Material for this exercise
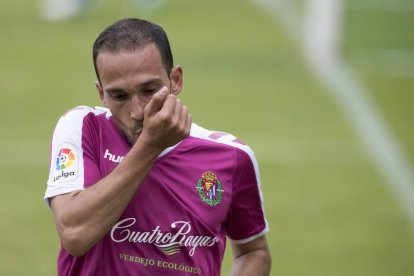 Nachocelebra su primer gol con la camiseta del Pucela.-DAVID S. BUSTAMANTE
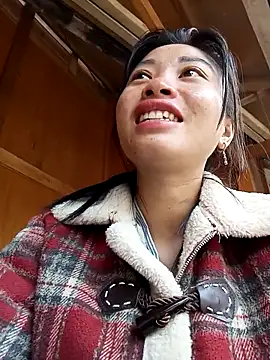 Snapshot of Hiniyk2 chatting on 03/20/26, 02:27 Hiniyk2 online show from 03/20/26, 02:27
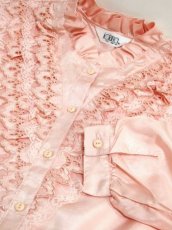 画像11: 贅沢なフロントレース装飾 ピンク 昭和レトロ 国産古着 長袖 シャツ ブラウス【7791】 (11)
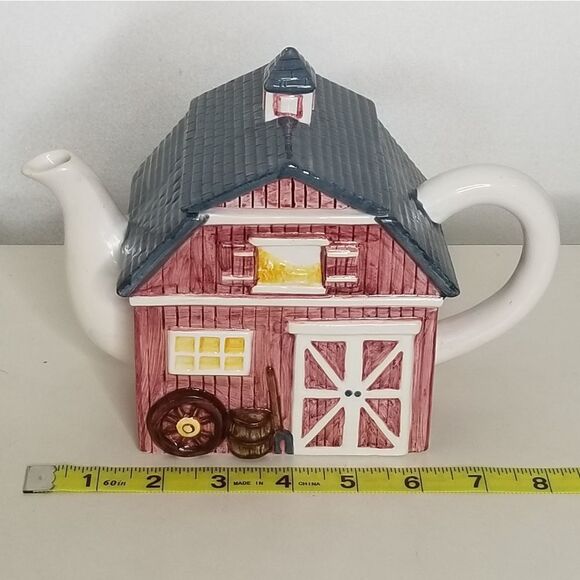 RED Barn Teapot Ceramic - Picture 11 of 12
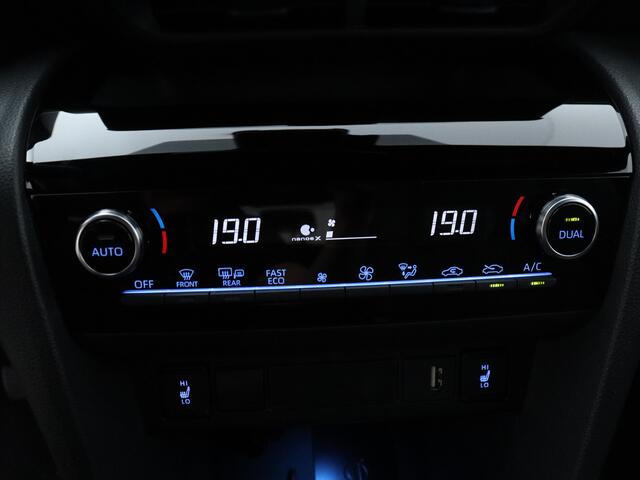 Toyota YARIS Cross 1.5 Hybrid Adventure | Apple Carplay/Android Auto | Lichtmetalen Velgen | Pur.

Aim of the exercise
Return word for word the line bearing "Snapshot of Hiniyk2" and every later line of the entries, but none of the pictures.

Exercise response
 Snapshot of Hiniyk2 chatting on 03/20/26, 02:27 Hiniyk2 online show from 03/20/26, 02:27
 画像11: 贅沢なフロントレース装飾 ピンク 昭和レトロ 国産古着 長袖 シャツ ブラウス【7791】 (11)
 RED Barn Teapot Ceramic - Picture 11 of 12
 Toyota YARIS Cross 1.5 Hybrid Adventure | Apple Carplay/Android Auto | Lichtmetalen Velgen | Pur.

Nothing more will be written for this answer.